Thursday, January 15, 2009

The Woman Formerly Known As......Me.

Metamorphosis is a spectacular thing. Stick with whatever definition you like, but for me it is.... becoming. A metamorphosis is 'a becoming': a fuzzy, awkward caterpillar becomes a graceful butterfly or your beautiful baby becomes a toddler, then a teenager, a woman, a wife....a mother. Always becoming.

I expected that at the age of 40 I would be done with my 'becoming'.

Apparently, I didn't get the memo from myself that I was just beginning.

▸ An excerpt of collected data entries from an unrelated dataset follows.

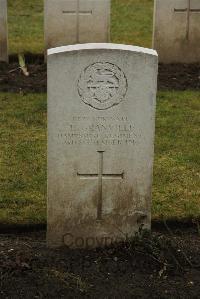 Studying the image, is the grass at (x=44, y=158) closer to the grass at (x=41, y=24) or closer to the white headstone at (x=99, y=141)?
the white headstone at (x=99, y=141)

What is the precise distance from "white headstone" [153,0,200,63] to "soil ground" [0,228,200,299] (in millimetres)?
5754

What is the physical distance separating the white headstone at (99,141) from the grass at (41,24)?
248 inches

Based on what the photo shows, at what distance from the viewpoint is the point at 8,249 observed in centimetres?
501

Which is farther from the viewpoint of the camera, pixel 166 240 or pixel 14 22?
pixel 14 22

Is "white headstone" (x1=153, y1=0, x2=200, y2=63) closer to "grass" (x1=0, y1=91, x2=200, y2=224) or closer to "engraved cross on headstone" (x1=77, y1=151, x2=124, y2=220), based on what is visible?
"grass" (x1=0, y1=91, x2=200, y2=224)

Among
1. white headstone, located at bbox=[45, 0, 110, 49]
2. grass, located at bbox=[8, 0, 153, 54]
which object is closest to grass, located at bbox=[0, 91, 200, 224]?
white headstone, located at bbox=[45, 0, 110, 49]

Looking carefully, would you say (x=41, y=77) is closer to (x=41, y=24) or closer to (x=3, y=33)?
(x=3, y=33)

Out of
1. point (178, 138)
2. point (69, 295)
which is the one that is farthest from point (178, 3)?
point (69, 295)

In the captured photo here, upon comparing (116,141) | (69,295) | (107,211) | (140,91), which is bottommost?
(69,295)

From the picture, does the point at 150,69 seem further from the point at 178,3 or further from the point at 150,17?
the point at 150,17

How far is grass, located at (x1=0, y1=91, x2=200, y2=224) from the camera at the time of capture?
19.2ft

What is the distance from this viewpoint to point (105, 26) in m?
10.4

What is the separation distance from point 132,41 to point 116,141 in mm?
7166

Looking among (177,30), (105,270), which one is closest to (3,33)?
(177,30) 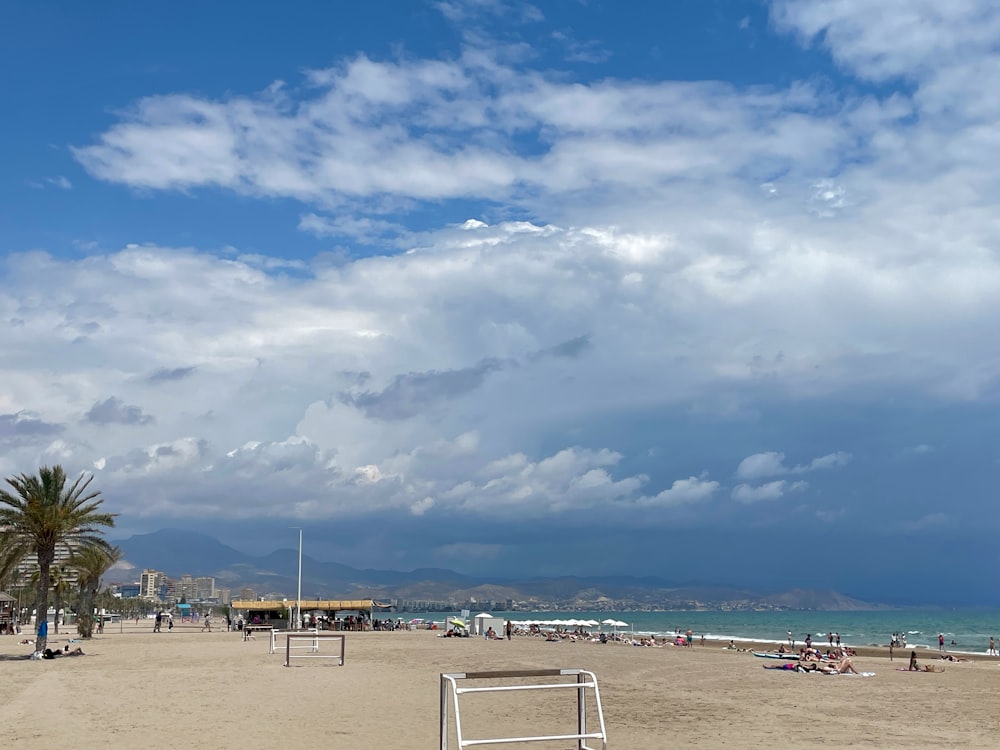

I began my recent phase a year ago by becoming a college student. A step that I had always longed to take, but never really thought I would. A year later I'm still in a flux, not sure what I want to do with this education I'm working so hard for. It's wonderful to be moving toward something, but the feeling is incomplete without a direction for that forward momentum. I may never really find it and that very idea is growing on me little by little. To always be 'becoming', you need to be in a constant state of seeking....it's not a conscious process, it just happens. To stop seeking could mean stagnation. I've been there, it totally sucked and I'd like my money back! But seriously, to always be evolving means you are open to change and all of it's glorious and frightening possibilities.

What is interesting is how many of my friends are going through the same thing.. Could it be that our kids are going through the dreaded teen transformation and we are now left with more time to explore that part of life we put off to be mom? Yes, I think it could. Of course, that is merely a part of it. The other factors that are causing this mass metamorphosis are personal, individual and unique to each of us. But the fact remains that we ARE changing, all of us...together we are becoming.

It's funny, whenever I sit down to journal (a.k.a blog in more modern speak) I have all of these thoughts and ideas that I want to include, but by the time I've put the first few ideas into words I start getting caught up in the details, the words I'm using to paint the picture of my thoughts, the spelling, the grammar...I lose track of what I want to say! This is yet another one of those times. I wanted to include more of my thoughts on my project to gain more control over my body, what real beauty is and then finally, why we really don't know ourselves as well as we think we do....but all of these topics will have to wait until the next update.